‘All that Remains’ by Patricia D Cornwell.

That didn’t make any sense.

“Why would Cheney leave the Jeep at a rest stop and go off with a drug dealer, taking Deborah with him, and come out here?”

I asked. “Why not just buy the drugs at the rest stop and be on their way?”

“They may have come out here to party.”

“Who in his right mind would come out here after dark to party or do anything else? And where are their shoes, Morrell? Are you suggesting they walked through the woods barefoot?”

“We don’t know what happened to their shoes,” he said.

“That’s very interesting. So far, five couples have been found dead and we don’t know what happened to their shoes. Not one shoe or sock has turned up. Don’t you find that rather odd?”

“Oh, yes, ma’am. I think it’s odd, all right,” he said, hugging himself to get warm. “But right now I’ve got to work these two cases here without thinking about the other four couples. I’ve got to go with what I’ve got. And all I’ve got at the moment is a possible drug connection. I can’t allow myself to get sidetracked by this serial murder business or who the girl’s mother is, or I might be wrong and miss the obvious.”

“I certainly wouldn’t want you to miss the obvious.”

He was silent.

“Did you find any drug paraphernalia inside the Jeep?”

“No. Nothing out here so far to suggest drugs, either. But we’ve got a lot of soil and leaves to go through – ” “The weather’s awful. I’m not sure it’s a good idea to begin sifting through the soil.”

I sounded impatient and irritable. I was put out with him. I was put out with the police. Water was trickling down the front of my coat. My knees hurt. I was losing feeling in my hands and feet. The stench was overpowering, and the loud smacking of the rain was getting on my nerves.

“We haven’t started digging or using the sieves. Thought we might wait on that. It’s too hard to see. The metal detector’s all we’ve used so far, that and our eyes.”

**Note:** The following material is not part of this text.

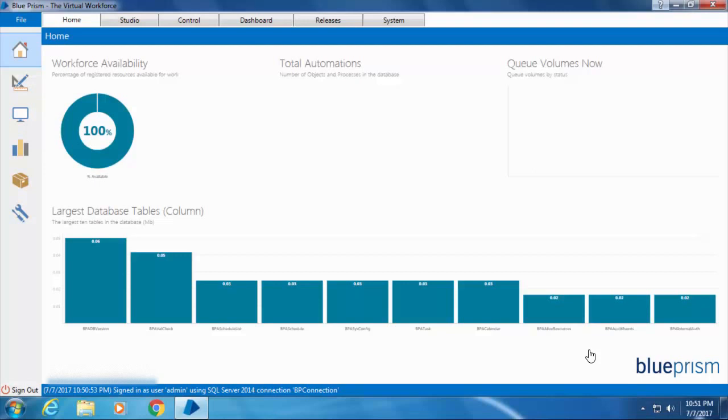You should create user accounts and provide them with the necessary permissions by assigning them to the appropriate roles. So I'm going to create a new user account and from now on I'll be using only that account. To create a new user account, go to the System tab.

“Well, the more all of us walk around out here, the more we risk destroying the scene. Small bones, teeth, other things, get stepped on and pushed down into the mud.”

They had already been here for hours. It was probably too damn late to preserve the scene.

“So, you want to move them today or hold off until the weather clears?” he asked.

Under ordinary circumstances, I would have waited until the rain stopped and there was more light. When bodies have been in the woods for months, leaving them covered with plastic and in place for another day or two isn’t going to make any difference. But when Marino and I had parked on the logging road, there were already several television news trucks waiting. Reporters were sitting in their cars, others braving the rain and trying to coax information out of police officers standing sentry. The circumstances were anything but ordinary. Though I had no right to tell Morrell what to do, by Code I had jurisdiction over the bodies.

“There are stretchers and body bags in the back of my car,” I said, digging out my keys. “If you could have somebody get them, we’ll move the bodies shortly and I’ll take them on in to the morgue.”

“Sure thing. I’ll take care of it.”

“Thanks.”

Then Benton Wesley was crouching next to me.

“How did you find out?”

I asked. The question was ambiguous, but he knew what I meant.

“Morrell reached me in Quantico. I came right away.”

He studied the bodies, his angular face almost haggard in the shadow of his dripping hood. “You seeing anything that might tell us what happened?”

“All I can tell you at the moment is their skulls weren’t fractured and they weren’t shot in the head.”

He did not respond, his silence adding to my tension.

I began unfolding sheets as Marino walked up, hands jammed into his coat pockets, shoulders hunched against the cold and rain.

“You’re going to catch pneumonia,” Wesley remarked, getting to his feet. “Is Richmond PD too cheap to buy you guys hats?”